本書では、この話題に関する詳細な追跡の記述もなく、またコンキチも専門外なので、実際上述したような「気づき」から具体的にどういった展開が可能かはよく分かりませんが、技術の視覚化によって、第三者がまだ気付いていない何かを見出すツールとしてはかなり有益かと思いました。
企業戦略、企業規模、ビジネスモデルによって上記リサーチは、ROIが必ずしも良いとは言い難い場合もけっこうあるかと思いますが、考え方としては見習いたいですね。
2) 特許出願戦略
コンキチは所謂化学工業というセクターに属する仕事に携わっています。で、そこで製造される製品というのは、パソコンとかTVとか車といった、はっきりとした、それ固有の形状を有さないものなのです。ジュースとか酒とか砂糖とか塩といった、言われてみないとそれとは認識しがたい物質が製品よして製造されてくるのです。しかも、B to Bビジネスしか営んでおらず、エンドユーザーが手にする製品の中に微量しか入っていない場合もあったりします。
で、そんなセクターに属する会社が、新規製造技術を開発してそれを守ろうとした場合、どういった方法がベストかということを考えさせられましたね。特許化を目指すべきなのか? それともノウハウとして保護し、隠密に先使用権は確保しておくという戦略の方が良いのか?ということです。
しかもプロセス・イノベーション的な発明の場合、果たして競合他社の特許侵害を見抜くことがどれほどできるのかはなはだ疑問があります。
企業のモラールにかけるだけでは、いささか白痴的ではないかということです。
今までコンキチは、上述したようなことをあまり考えたことがなかく、はっきり言って素人ですが、少しづつ勉強して行きたい気持ちは芽生えました。
3) 「筋の良い」テーマ
本書では、「筋の良い」テーマを生み出すためにはということにも言及していて、
イマイチくんな(研究)テーマが多いのは、
考える時間、そしてその前に、構造化(解析された情報が整理されている状態)された情報を準備することの重要性を組織としてあまりにも軽視してきた。

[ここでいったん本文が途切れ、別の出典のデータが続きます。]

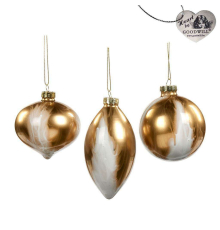 Ялинкова прикраса Goodwill | Куля золота з білим - 8 см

考えごとをするのも、そのための材料を準備して下ごしらえをするのも、仕事ではない、対価を払うべき価値のある生産活動ではないとみなされてきた。だからこれまでわれわれは、筋の良いコンセプト(研究テーマ)を生み出すための投資、つまりは調査研究への投資をわずかしか行ってこなかった。
と断じています。
正直、この本はとても良いとは言い難いと思いますが、上記主張はコンキチと全く同意見ですね。TOCにもちょっと通じるところがると思うし。
本来知識集約型であるべき研究開発活動を労働集約型活動と見なしてきたことにそもそもの間違いがあるんだろうと思います。こういうパラダイムの転換を達成できた企業のみが、研究開発型の企業として生き残って行くのだろうなと感じています。
以上、コンキチの心にとまったことを幾つかメモしてみました。まあ、コンキチは二流大卒のしがないなんちゃって研究員なので軽く流し読みして下さい。